The man claims he was not informed he would be cleaning up areas contaminated after the Fukushima nuclear disaster.
“(The man’s claims) suggest that he might have been deceived and brought to Japan to conduct cleanup work,” Sasaki said.
Sasaki said the man’s employer might have abused the Labor Contract Act, Labor Standard Act and Industrial Safety and Health Act.
Sasaki said the union is assisting in the ongoing negotiations between the Vietnamese man and the construction firm and are seeking compensation worth the amount he would have been paid if he had completed the rest of his three-year contract.
According to Sasaki, the man was receiving a monthly wage of about ¥140,000, while Japanese workers conducting similar cleanup work earn nearly three times as much.

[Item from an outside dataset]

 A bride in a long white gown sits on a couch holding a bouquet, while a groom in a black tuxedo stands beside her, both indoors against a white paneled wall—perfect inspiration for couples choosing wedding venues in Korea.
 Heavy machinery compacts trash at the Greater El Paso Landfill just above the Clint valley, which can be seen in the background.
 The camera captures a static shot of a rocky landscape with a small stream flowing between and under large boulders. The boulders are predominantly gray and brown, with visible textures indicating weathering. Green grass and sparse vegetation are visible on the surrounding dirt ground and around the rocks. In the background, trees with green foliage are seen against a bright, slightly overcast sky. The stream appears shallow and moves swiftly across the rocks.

The government-backed Technical Intern Trainee Program was designed to support foreign nationals in their acquisition of technical skills but in reality has been exploited to make up for the shortage of unskilled laborers in Japan.
“(Technical trainees) shouldn’t be forced to conduct such work … which may pose a threat to one’s health; it’s undeniable that radiation may be hazardous,” Sasaki said.

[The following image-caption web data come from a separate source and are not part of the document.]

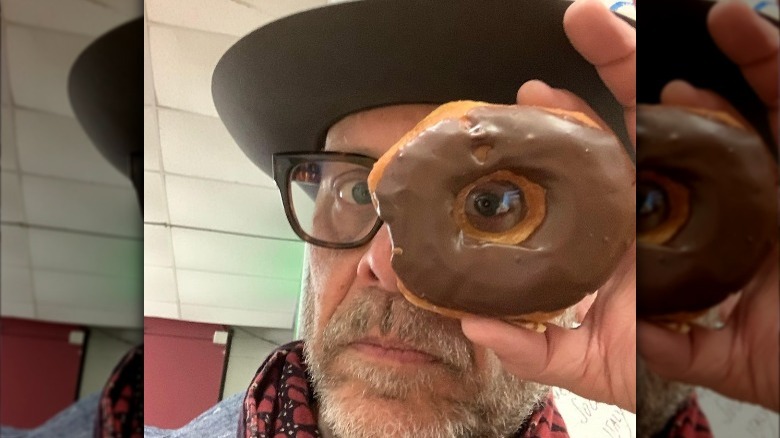 Alton Brown holding donut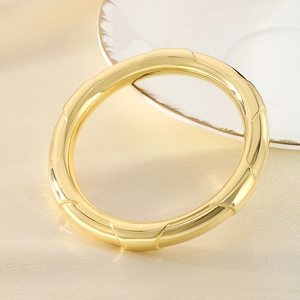 Macro detail of golden hollow cuff bracelet with bamboo texture on beige fabric
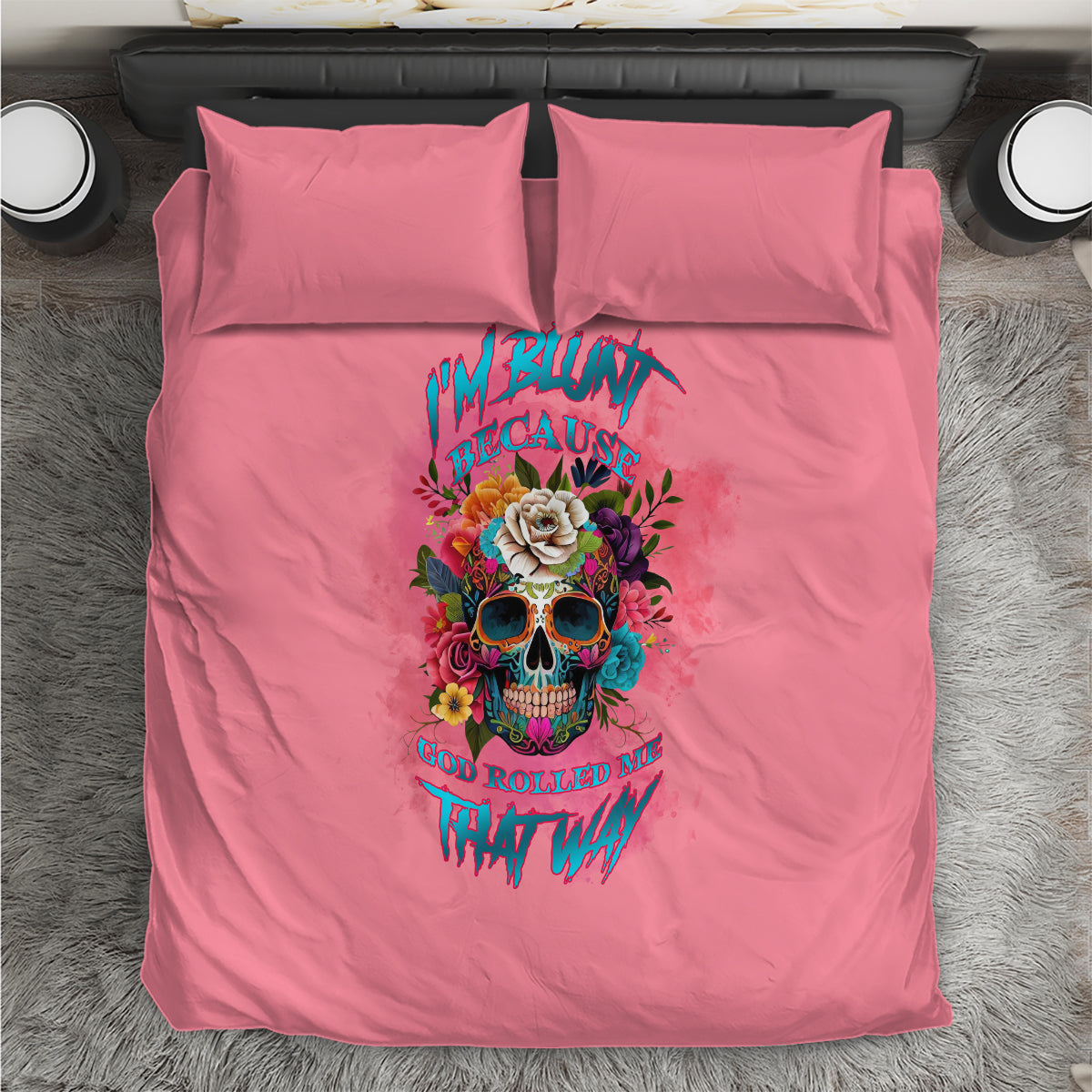 Pink bedding set with duvet and two pillows, featuring colorful skull and rose graphic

The Vietnamese quit the company last November out of concern for his health after it ignored his requests to have the situation explained.
The Japan Times was able to access records showing the man had been exposed to radiation while working in Kawamata. According to the labor union, the employer hid this information from him.

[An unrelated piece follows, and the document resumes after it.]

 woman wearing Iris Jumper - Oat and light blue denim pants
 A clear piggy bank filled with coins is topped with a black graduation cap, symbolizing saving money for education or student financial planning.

Sasaki said the employer also denied the man allowances given to those working under hazardous conditions.
“Above all, decontamination work is very dangerous and requires the trainee’s consent,” said Shoichi Ibusuki, a lawyer versed on labor issues, who supports foreign trainees and interns. “It’s not the type of work you engage someone in who is not aware of accompanying risks. It’s more of a humanitarian rather than a legal issue.”
Ibusuki stressed the Vietnamese man’s case shows flaws in the system, which is aimed at helping foreign nationals from developing countries gain skills they could use back home.
Companies accepting foreign workers under the trainee system are required to submit a detailed plan of their training to a Justice Ministry body tasked with overseeing the program. Ibusuki speculated the trainee’s employer might have kept the scope of the man’s duties hidden when submitting the documents to the government.
Asked to comment on the Vietnamese man’s case, an official said the ministry was verifying the information it had obtained, including claims the trainee’s duties differed from work described in the contract.
The official said there was a possibility the employer had violated labor laws and if the abuse is proven, the ministry would consider penalties. The law, under which violation of the trainees’ rights is subject for punishment, went into effect last November.
The official explained that labor laws do not forbid employment of foreign nationals at decontamination work sites and in theory employers accepting foreign technical trainees may have them conduct cleanup work at contaminated sites. But the official said that a vocational training program needs to be aligned with the objective of the training system.
“It’s hard to imagine that a trainee could use decontamination work experience in his or her home country,” he said, indicating that such a program would likely not be authorized by the government.